La maternità in Maria è compendio, principio e fine di ogni maternità. Nel mese a lei dedicato, in questa seconda domenica di maggio, alla Sua figura fa riferimento il dono della maternità che vede nel dono il frutto dell’amore. Ma la maternità ha altri volti, ha altre sfumature, vediamole insieme. Scriveva padre Juan Eusebio Nieremberg che “l’amore che tutte le madri hanno avuto per i loro figli non è che un’ombra a paragone dell’amore che Maria ha verso uno qualsiasi di noi; Lei ci ama da sola molto più di quanto ci amano insieme tutti gli angeli e i santi”.

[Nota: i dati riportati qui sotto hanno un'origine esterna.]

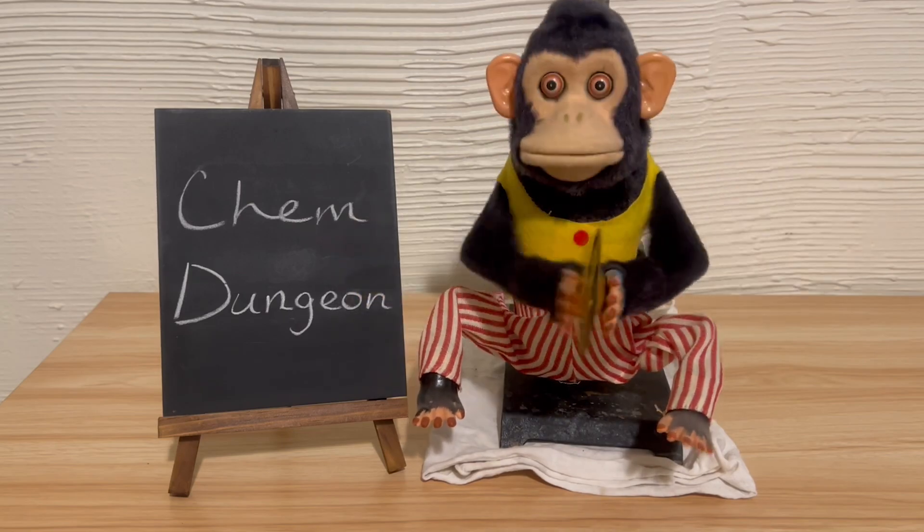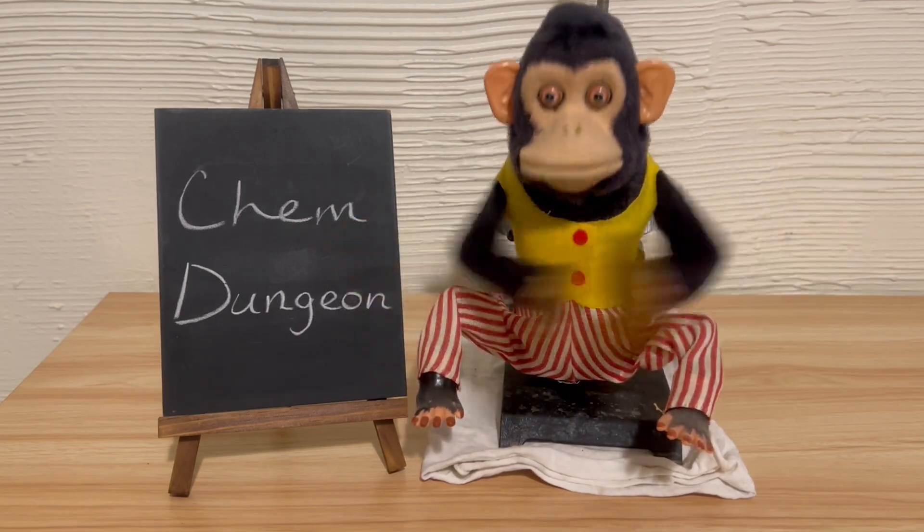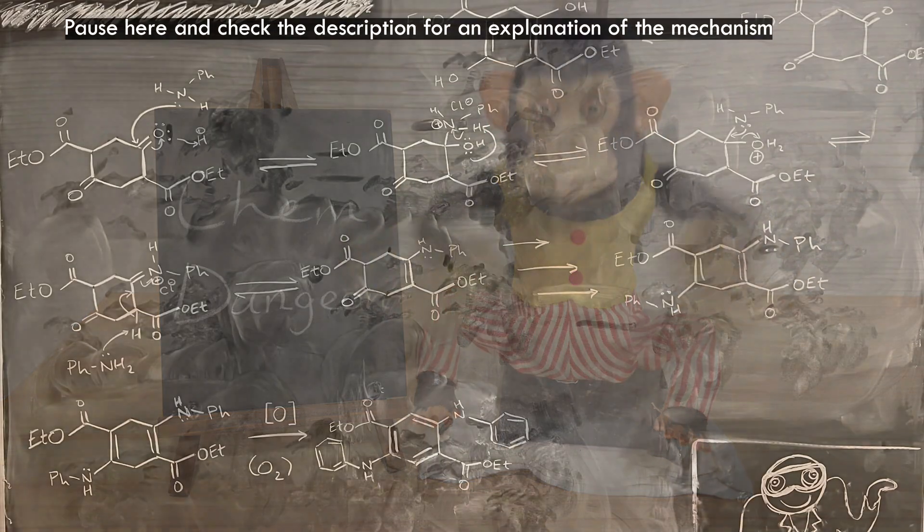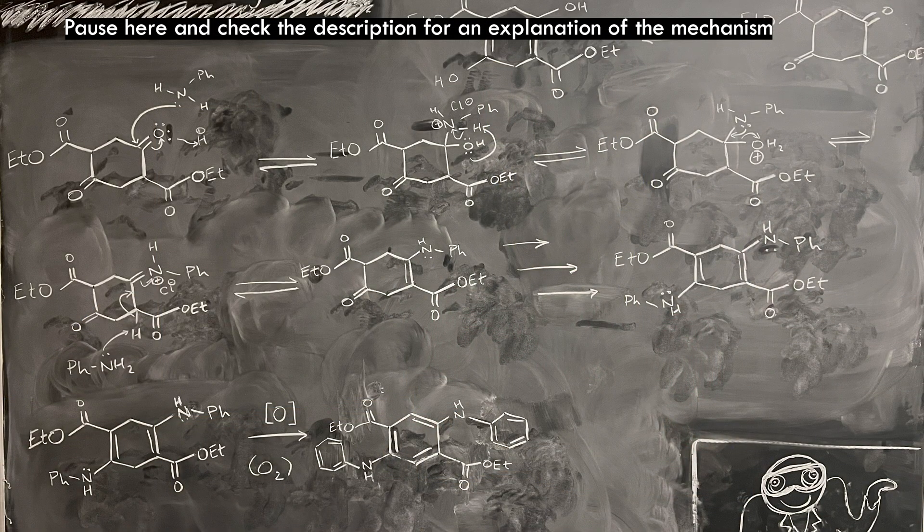In the patent, the reaction is conducted under nitrogen to prevent this oxidation, but I don't have a nitrogen cylinder. The product I end up with can also be cyclized directly to quinacridone easily. In the patent, it's cyclized first, then dehydrogenated or oxidized to quinacridone.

In questa seconda domenica del mese di maggio, si fa ricordo, sottolineandolo con forza, del meraviglioso dono che è la “maternità”, rivolgendo un pensiero alle mamme. Non possiamo, d’altro canto, non parlare della maternità umana, senza passare dalla “Maternità della Madre di tutte le Madri, Maria”. La madre, pilastro di ogni famiglia, cuore pulsante e fonte di vita per chi gravita intorno a lei. Eppure a volte la diamo per scontato. Dovremmo ricordare ogni giorno che cosa significa essere una madre. Ma non possiamo, semplicemente. Solo una madre può conoscere la portata dell’amore che si può rivolgere a chi è stato portato nel proprio ventre per nove mesi, e poi generato, con infinito dolore, incontenibile gioia. “Individuo” vuol dire “che non si può dividere”. Le madri invece si “dividono” a partire da quando ospitano un figlio per darlo al mondo e farlo crescere” (Papa Francesco). Una persona che rinuncia alla propria individualità, è la mamma, che assume su di sé l’impegno non solo di generare una nuova vita, ma anche di prendersene cura, per sempre, con tenerezza e dedizione, facendo proprie le gioie e i dolori di un’altra persona. Richiede tanto, tanto amore, tanto spirito di sacrificio, ed è questo il motivo per cui spezza il cuore vedere madri abbandonate, date per scontate, dimenticate da figli che, troppo presi dalla propria quotidianità, dimenticano a chi devono tutto ciò che hanno, tutto ciò che sono.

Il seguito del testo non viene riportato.